[RECORDS PROVIDED — start]
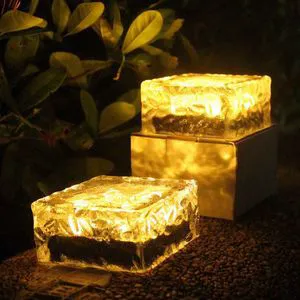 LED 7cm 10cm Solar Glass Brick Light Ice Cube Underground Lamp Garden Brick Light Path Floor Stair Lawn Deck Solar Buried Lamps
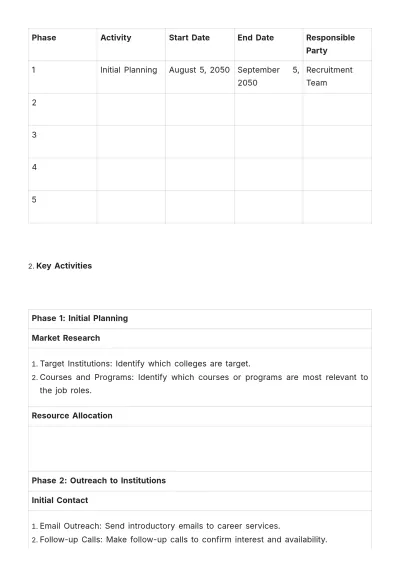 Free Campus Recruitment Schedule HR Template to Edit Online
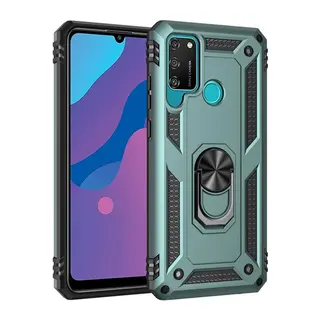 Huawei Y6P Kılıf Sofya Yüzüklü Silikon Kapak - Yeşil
[RECORDS PROVIDED — finish]
[RECORDS PROVIDED — start]
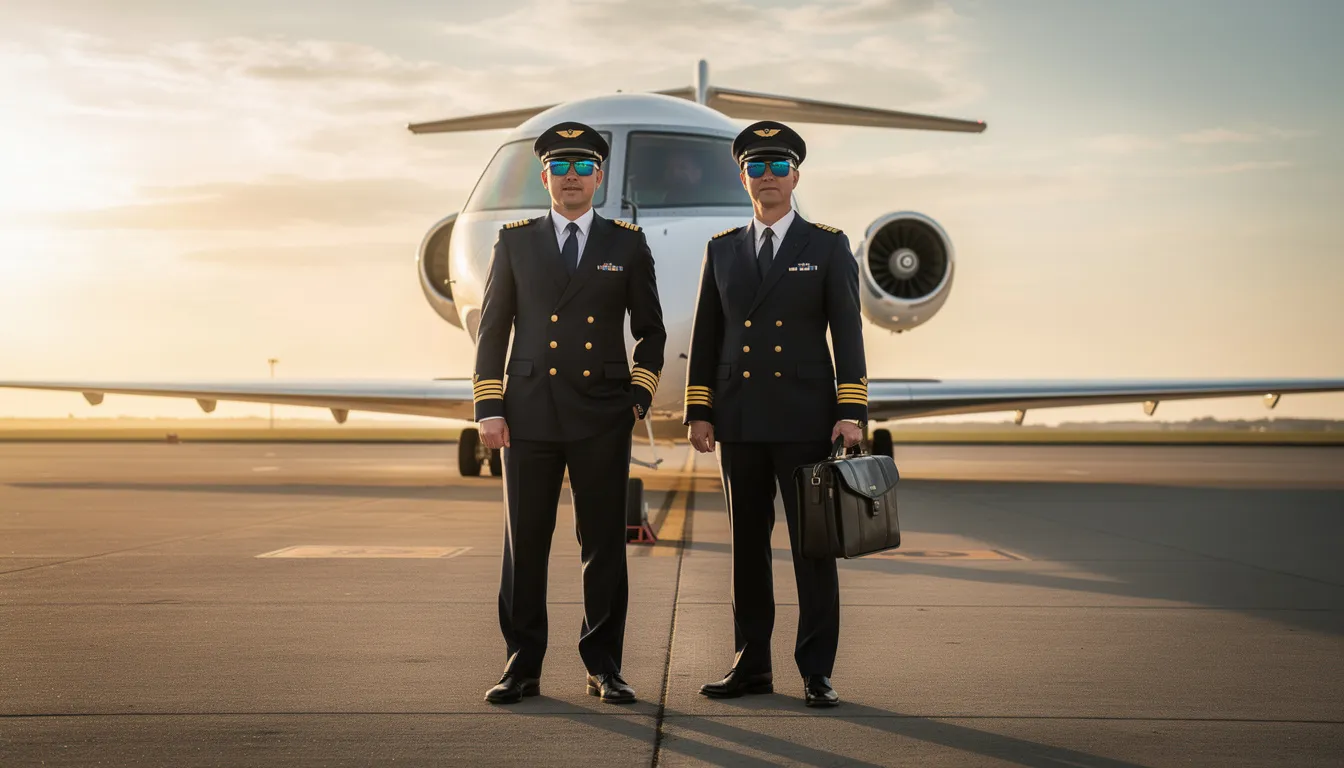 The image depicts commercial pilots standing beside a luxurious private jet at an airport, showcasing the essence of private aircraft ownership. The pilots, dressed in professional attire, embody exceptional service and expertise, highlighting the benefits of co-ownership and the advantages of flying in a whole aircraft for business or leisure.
[RECORDS PROVIDED — finish]
[RECORDS PROVIDED — start]
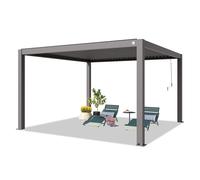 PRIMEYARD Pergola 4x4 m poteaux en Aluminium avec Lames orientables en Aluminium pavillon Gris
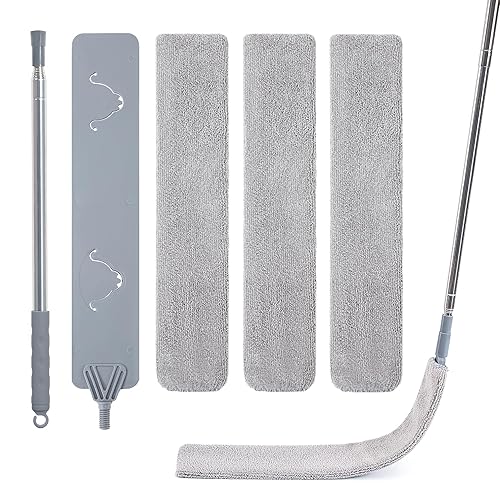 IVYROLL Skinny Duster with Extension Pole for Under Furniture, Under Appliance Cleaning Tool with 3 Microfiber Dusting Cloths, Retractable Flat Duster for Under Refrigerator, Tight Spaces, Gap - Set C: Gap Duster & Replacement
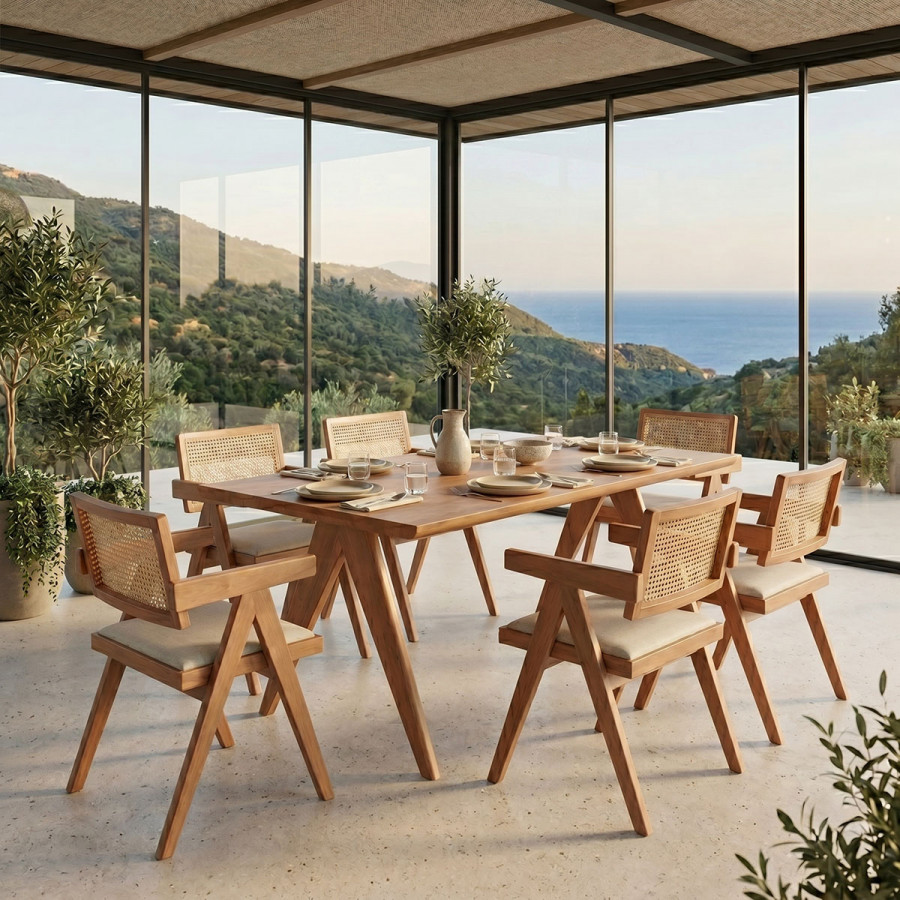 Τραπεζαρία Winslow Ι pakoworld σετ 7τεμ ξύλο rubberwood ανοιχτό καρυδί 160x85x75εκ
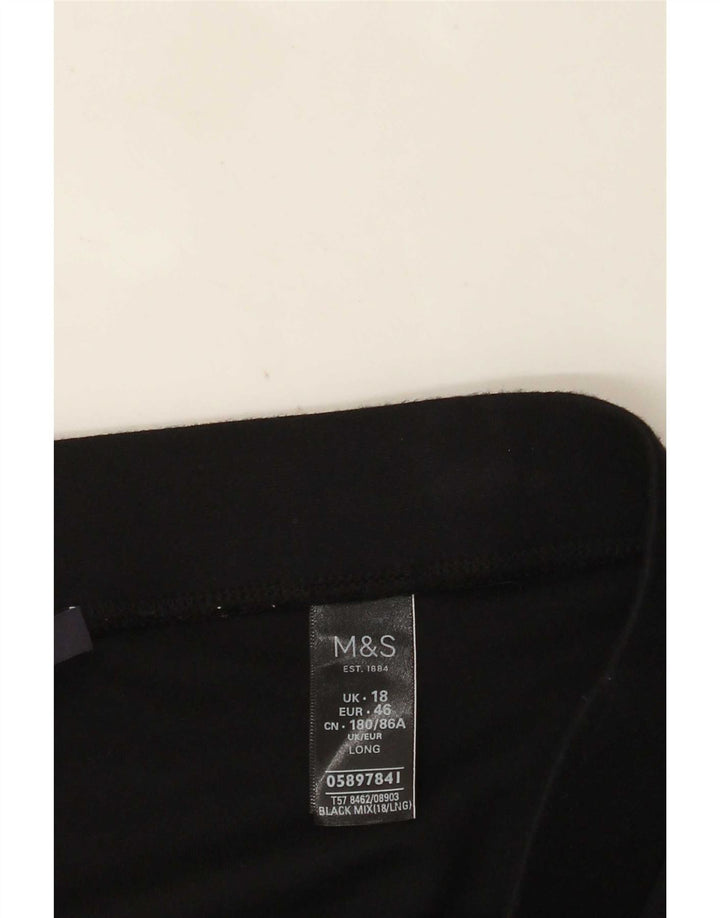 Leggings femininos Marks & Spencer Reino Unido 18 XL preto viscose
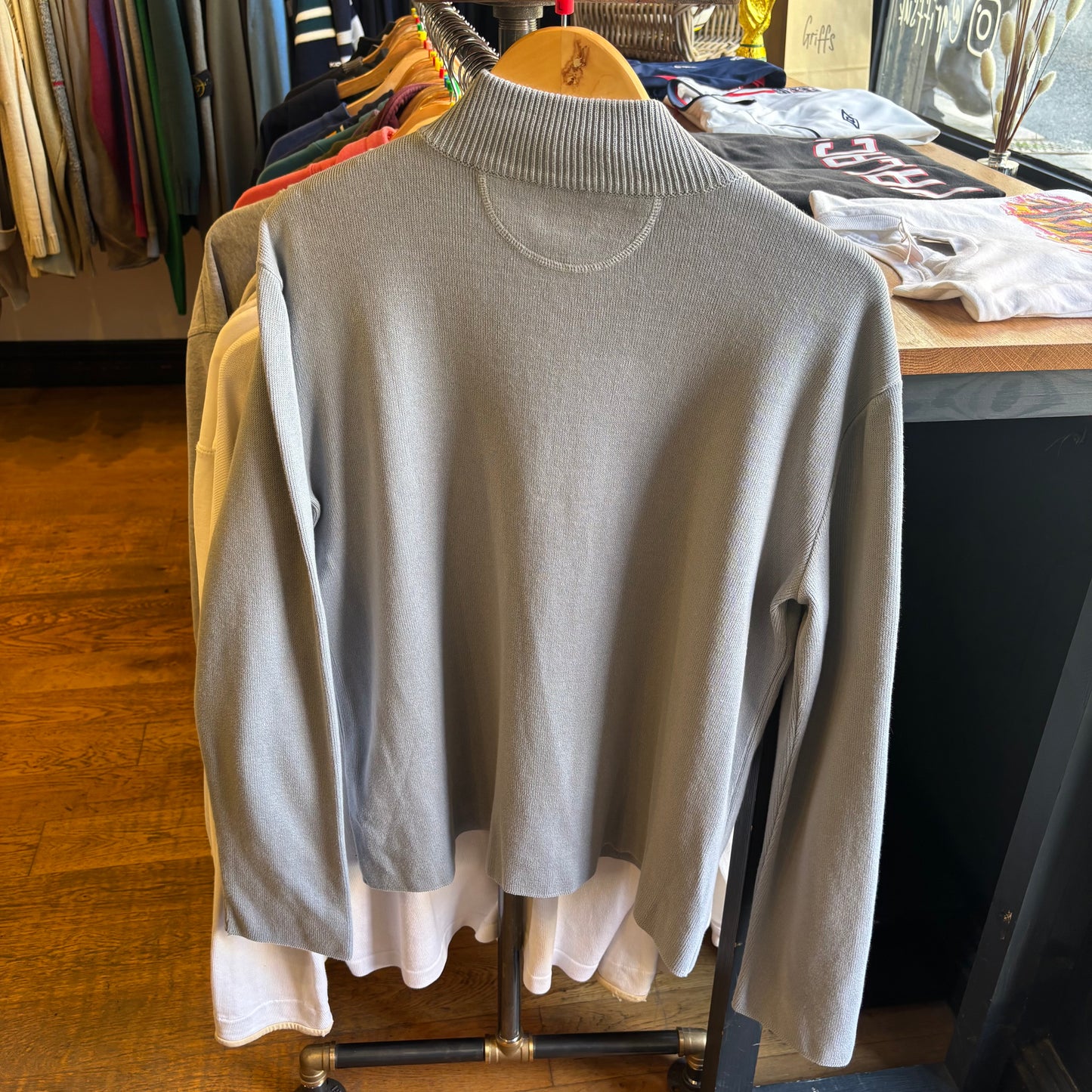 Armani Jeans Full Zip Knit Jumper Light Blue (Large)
[RECORDS PROVIDED — finish]
TASK ITEM
Using the data above, transcribe exactly the lines between those containing "Τραπεζαρία Winslow Ι" and "Armani Jeans Full", inclusive, and leave every picture behind.

ANSWER SPACE
 Τραπεζαρία Winslow Ι pakoworld σετ 7τεμ ξύλο rubberwood ανοιχτό καρυδί 160x85x75εκ
 Leggings femininos Marks & Spencer Reino Unido 18 XL preto viscose
 Armani Jeans Full Zip Knit Jumper Light Blue (Large)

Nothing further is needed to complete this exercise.